Though no group immediately claimed responsibility for the deadly attack in Istanbul, Turkish Prime Minister Ahmet Davutoglu blamed ISIS.
Sen. John McCain, R-Ariz., chairman of the Senate Armed Services Committee, told Fox News that until the U.S. takes out the terror group’s base in Raqqa, Syria, more attacks are likely.
“It’s going to continue and the tragedy of all this is that as we celebrate the ... re-taking [of] Ramadi, the second-largest city in Iraq is still under ISIS control and there is no strategy whatsoever to take [on] ISIS,” he told Fox News. “As long as this administration is in power you will see this base of operations and propaganda and effective attacks throughout the world.”
Following news of the attack, the White House renewed its calls for a united campaign to defeat the terror organization.
“This heinous attack occurred in Istanbul’s historic heart, and struck Turks and foreign tourists alike,” National Security Council spokesman Ned Price said in a written statement. “We stand together with Turkey, a NATO ally, a strong partner and a valued member of the Counter-ISIL coalition, in the face of this attack and pledge our ongoing cooperation and support in the fight against terrorism.”
Sen. Tim Kaine, D-Va., echoed the sentiment.
“The continued slaughter of innocent civilians is savage and unjustified, and the United States stands firmly with our allies, including the governments of Turkey and Iraq, to defeat those who use terror to pursue their despicable objectives,” Kaine said in a written statement.
The Virginia lawmaker, who was in Istanbul’s Sultanahmet Square last week, is part of an eight-member congressional delegation focused on regional security, including oversight of the war in Syria as well as U.S. efforts to combat ISIS.

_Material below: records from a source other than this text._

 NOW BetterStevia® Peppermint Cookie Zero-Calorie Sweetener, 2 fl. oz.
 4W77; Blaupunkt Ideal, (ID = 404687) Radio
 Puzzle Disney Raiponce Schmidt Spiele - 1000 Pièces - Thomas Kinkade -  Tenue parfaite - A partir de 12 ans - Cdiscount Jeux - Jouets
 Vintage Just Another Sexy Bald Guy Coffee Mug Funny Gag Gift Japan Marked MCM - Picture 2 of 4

Tuesday’s blast took place in Sultanahmet Square which is located in the city’s Fatih district and is home to the historic Blue Mosque and Haghia Sophia museum.

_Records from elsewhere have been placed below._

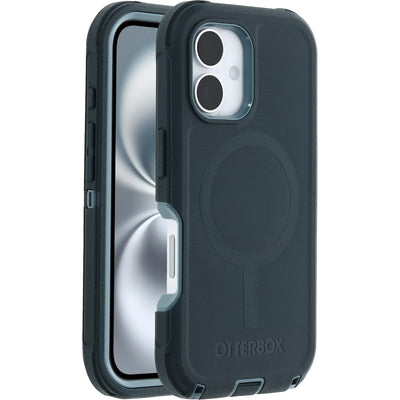 OtterBox Defender Series MagSafe Hülle für iPhone 16, stoßfest, sturzsicher, extrem robust, Schutzhülle, 7X getestet nach Militärstandard, Grün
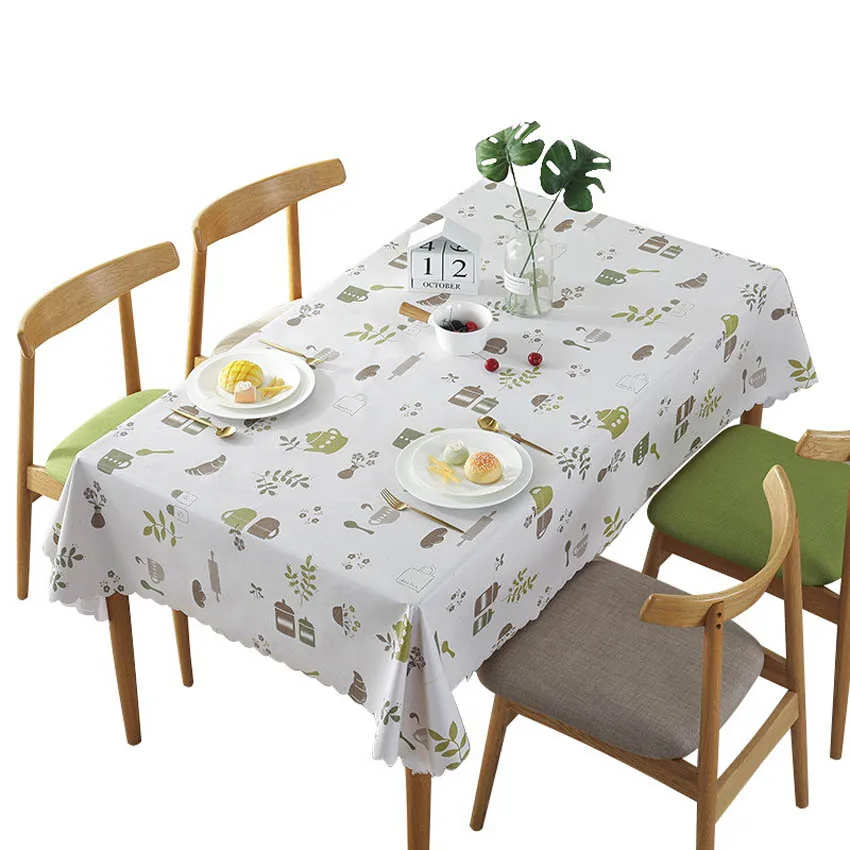 

Pastoral Table Cloth Cover PVC Waterproof Tablecloths Background Cloth Plastic Table Cloth Home Decor Manteles Toalha De Mesa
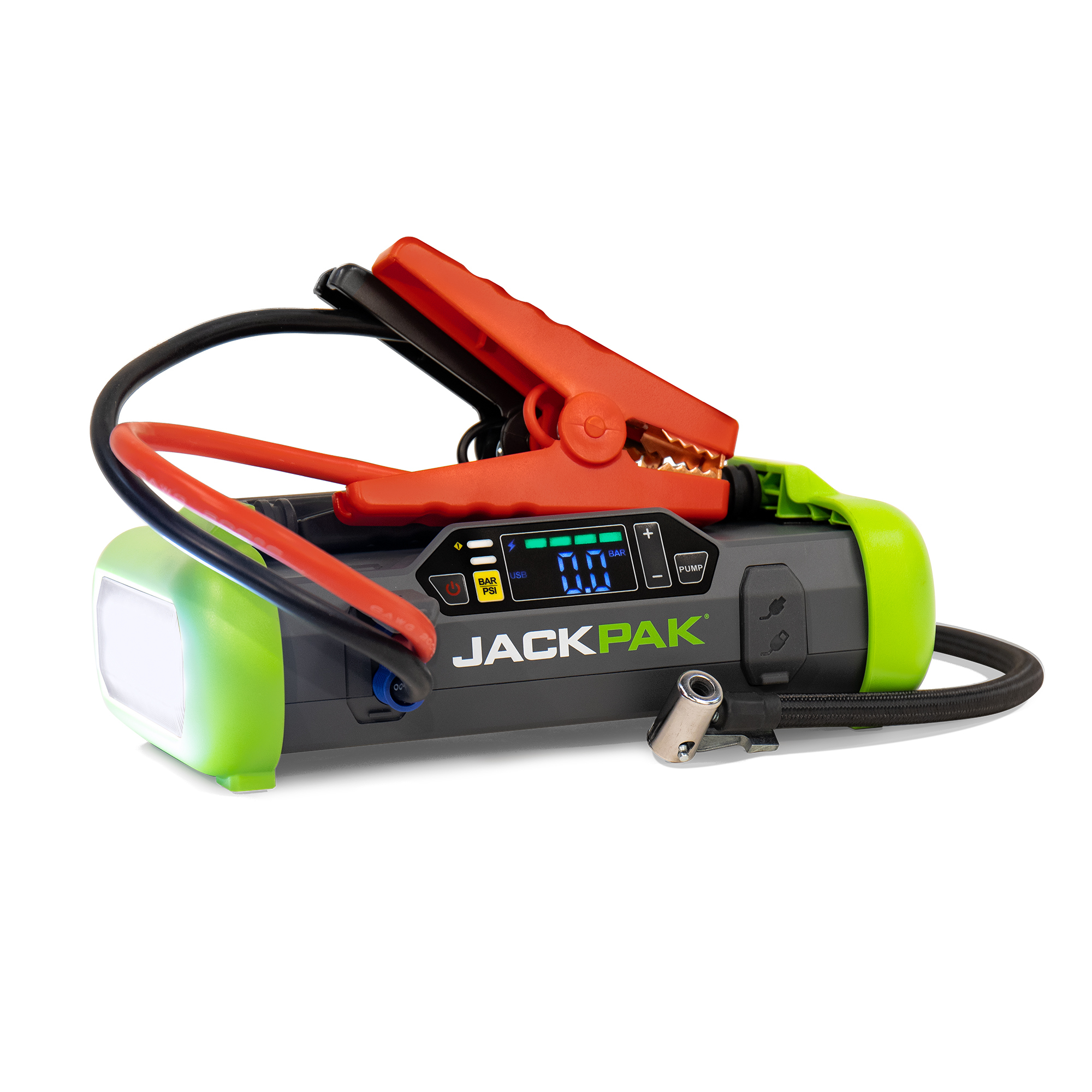 JackPak 4 in 1 Emergency Roadside Tool, 2500 Amps, 12 Volts, Model 5180050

“The United States will not [waver] in its pursuit of [ISIS] around the globe until it and its radical ideology is defeated,” Kaine said. He added, “That a bomber should attack an area representative of historical bridges between the East and West and Christian and Muslim only strengthens the resolve of our fight.”
"This incident has shown once again that we have to stand in full unity against terror," Turkey’s President Recep Tayyip Erdoğan said, according to the Hurriyet Daily News.
"Turkey is resolute and its principled position will continue. It makes no difference to us what their names and abbreviations are. The first target of all terrorist organizations in this region is Turkey because Turkey is struggling against all of those with the same resolution."
Turkish officials identified the alleged attacker as Nabil Fadli. Fadli was born in Saudi Arabia in 1988 and recently entered Turkey through Syria. Fadli was not on an official terrorism watch list, Turkey’s Deputy Prime Minister Numan Kurtulmus said.
The Associated Press contributed to this report.